Give them space to talk if they want to. Let them know their feelings make sense. If they don’t make sense to you, be curious about why they make sense to them, without trying to change them. If they sense you are trying to talk them out of how they are feeling, they’ll just stop talking to you and that’s when we lose our capacity to influence them. Rather than telling them that they are wrong, try to understand why they think they are right. Their capacity for abstract thinking is growing and they may have wisdom that hasn’t been obvious to you.

Share your thoughts, but validate theirs and let them know that you respect their opinions, even if you might not agree with them. Correct any misinformation.

Emotion is important and is there to activate us to change the things that don’t feel right for us. Invite them to explore how they might direct their energy into facilitating the change they want to see. It might be by educating themselves more in the issues at heart, joining a peaceful protest, donating money to the cause, reflecting on how they can do better in their own part of the world.

They might not want to talk, and that’s okay. People respond to things in different ways. They might be talking to friends, doing their own research, quietly reflecting, or they might be so confused about what’s happening that the words are lost for now. They don’t have to talk if they don’t want to. What’s more important is that they listen and reflect on injustice, and realise there are things they can do in their own circles to make the world safer and kinder.

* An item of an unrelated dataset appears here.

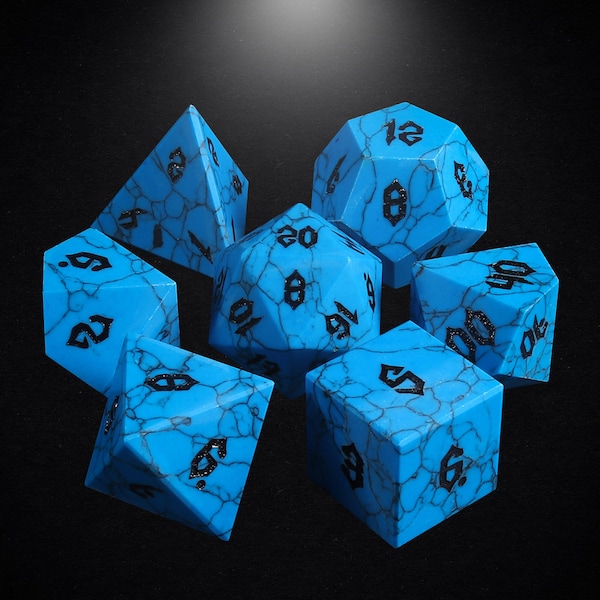 Blue Turquoise Dice Set| DnD Stone Dice Set |Engraved Gemstone| Dungeons and Dragons Tabletop RPG Game MTG Role Polyhedral Gaming Dice Set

Many teens might also be feeling shame about their privilege. Shame can too easily bring resentment and cynicism to claw at their door. Listen and validate what they are saying, and remind them that these feelings are there for a reason – to move them into action. The problem isn’t that they are privileged, the problem is that the things that bind together to make them privileged, are actually rights that should be available to everyone. The problem is also that some people, because of their privilege, believe others aren’t as entitled. Let them know their shame makes sense, but encourage them to hear it as a call to action rather than feeling stifled by it. This can start by calling out any behaviour that belittles others. There are many things that will lead to change – self-reflection, learning, speaking out against wrong. Shame isn’t one of them

For all kids

Preserve their hope.

Whatever their age, show them images or tell them the stories that speak to the good in humanity. We also need to preserve their sense of hope to protect them from becoming cynical. We want our children feeling empowered and with a felt sense that they can be a vital part of the healing. Talk to them about the books they can read to educate themselves on the issue, their power to speak out against injustice, or any opportunities in their own circle to make sure people feel valued, celebrated, and safe. 

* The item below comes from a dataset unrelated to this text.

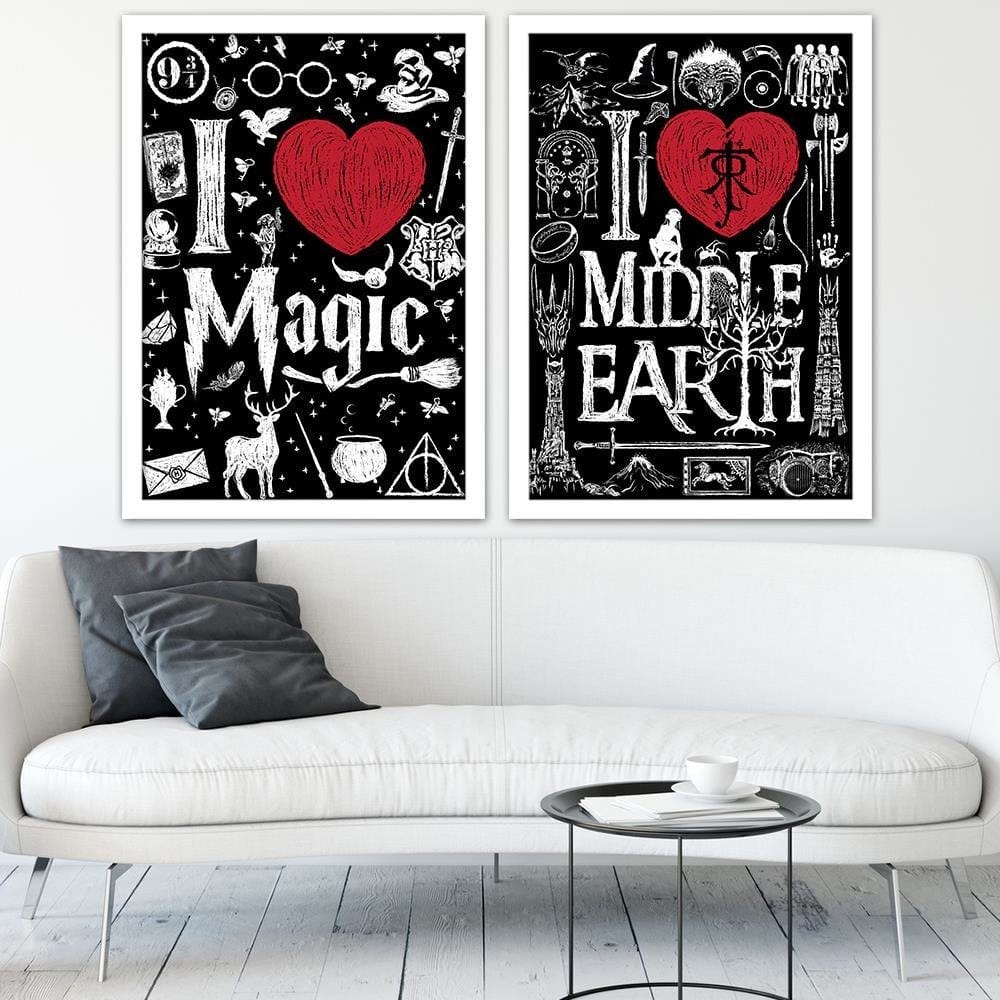 Glezna baltā rāmī - I Love Magic Image Black And White  Home Trends DECO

Changing the world starts with the person beside you. Here’s how to explain it.

Changing the world starts with making the world better for the people around us. We are all carrying a load. We can’t tell just by looking at someone how heavy the load is that they’re carrying. For some people, their load is too much – weighted by generations of discrimination and systemic injustice. Some people might seem to have no load at all, but it might actually be unbearable – heavied by what’s happening at home, or inside their bodies, or the things they tell themselves, or the things that have been said or done to them. We can never know. What we can be certain of though, is that with everyone we meet, we have two choices, and only two. We can either heavy their load or lighten it. We heavy it directly by the things we say or do to them. We heavy it indirectly by ignoring the size of their load or the things that others might be doing to add to it. We can lighten their load by being kind, by noticing, by celebrating them, by thinking about what they might need and acting on it. The question for our children to ask themselves is, are they a load-lightener or a load-heavier?

And finally …

When the world breaks apart, we have the opportunity to bring it back together in a way that will be better than before – with more love, understanding, wisdom, and fierce intolerance of the wrongs that lead to the breakage. There is a Japanese art form called Kintsukuroi. It involves putting broken pottery back together with lacquer mixed with gold. It means the pottery shines gold at the seams of the breakage. The breakages aren’t hidden or forgotten. Instead, they speak boldly of a trauma. The healing of the trauma will never erase what happened, but it creates something more powerful and more beautiful than before. This is our opportunity to heal our humanity, and make the world stronger, safer, and kinder than before.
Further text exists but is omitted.